Short text fragments from websites:

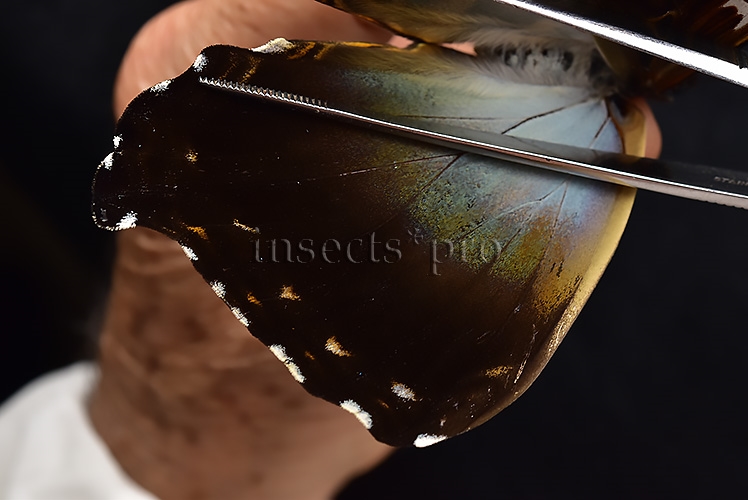 Morpho cisseis gahua f. phadena ♀ - Image 4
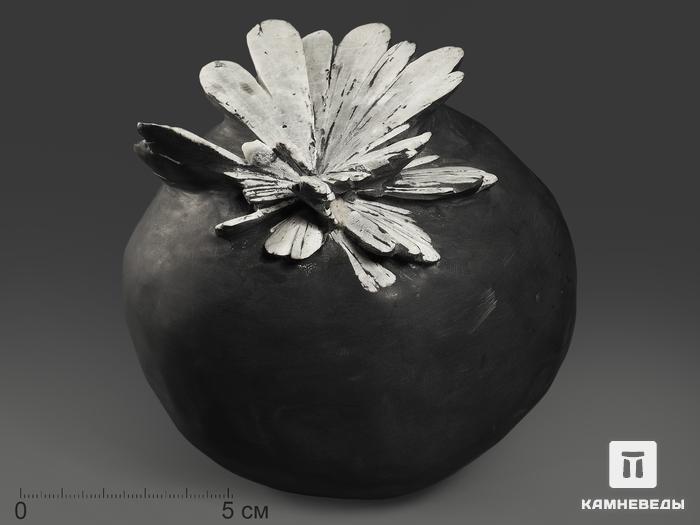 Целестин на аргиллите «хризантемовый камень», 13,2х13х12,5 см, 11057, фото 1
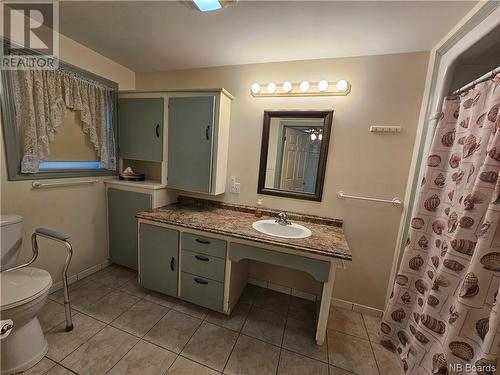 258 Main Street, Plaster Rock, NB - Indoor Photo Showing Bathroom
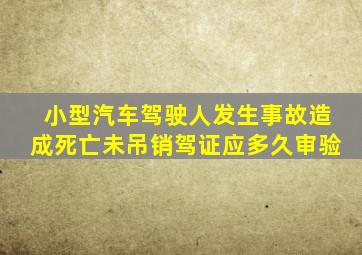 小型汽车驾驶人发生事故造成死亡未吊销驾证应多久审验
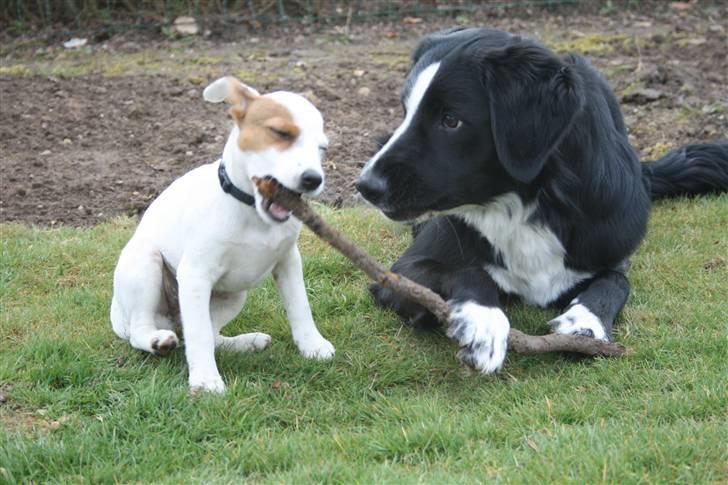 Jack russell terrier Futte - Futte sammen med Bailey, som var så sød at passe Futte, da hun havde alene hjemme problemer. Stort tak til Bailey og hendes ejere :) billede 20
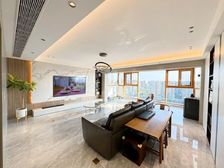 豪宅!天府一街,精装大平层,一梯一户,朝南视野好,可再议价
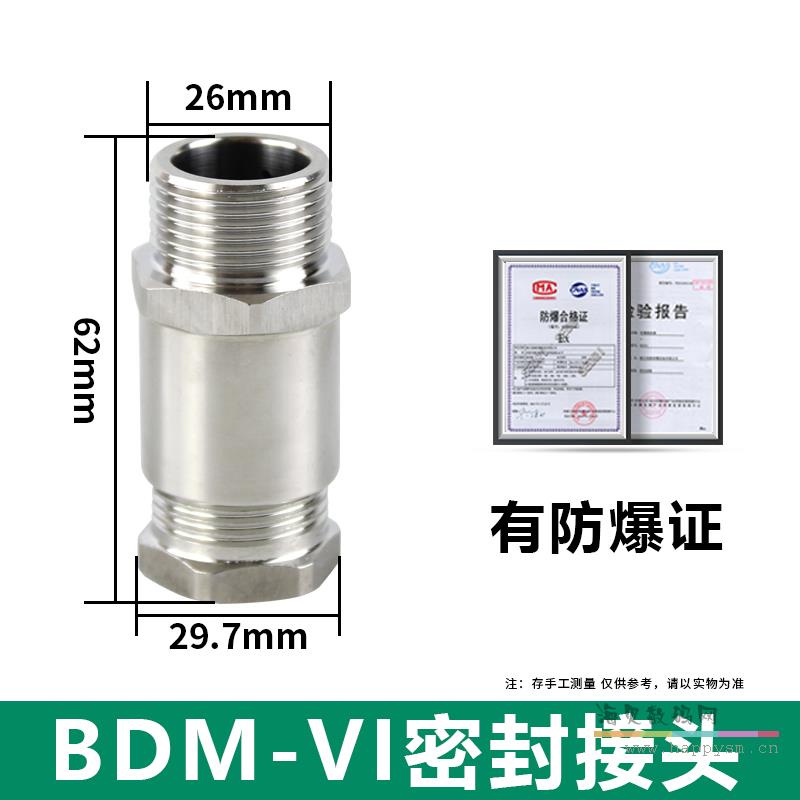 BDM-6『304不锈钢』G1/2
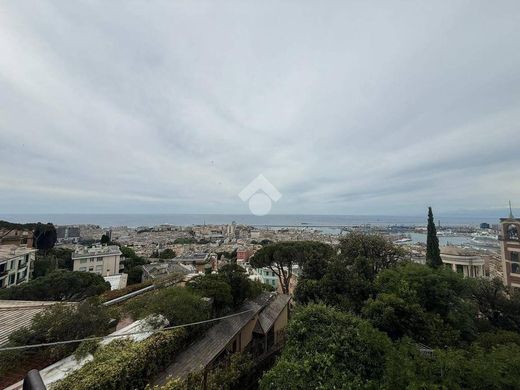 Daire Cenova, Genova ilçesinde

Assigned task: Pictures are to be left out; repeat all the remaining data exactly.

Solution to the problem:
 Morpho cisseis gahua f. phadena ♀ - Image 4
 Целестин на аргиллите «хризантемовый камень», 13,2х13х12,5 см, 11057, фото 1
 258 Main Street, Plaster Rock, NB - Indoor Photo Showing Bathroom
 小型汽车驾驶人发生事故造成死亡未吊销驾证应多久审验
 Jack russell terrier Futte - Futte sammen med Bailey, som var så sød at passe Futte, da hun havde alene hjemme problemer. Stort tak til Bailey og hendes ejere :) billede 20
 豪宅!天府一街,精装大平层,一梯一户,朝南视野好,可再议价
 BDM-6『304不锈钢』G1/2
 Daire Cenova, Genova ilçesinde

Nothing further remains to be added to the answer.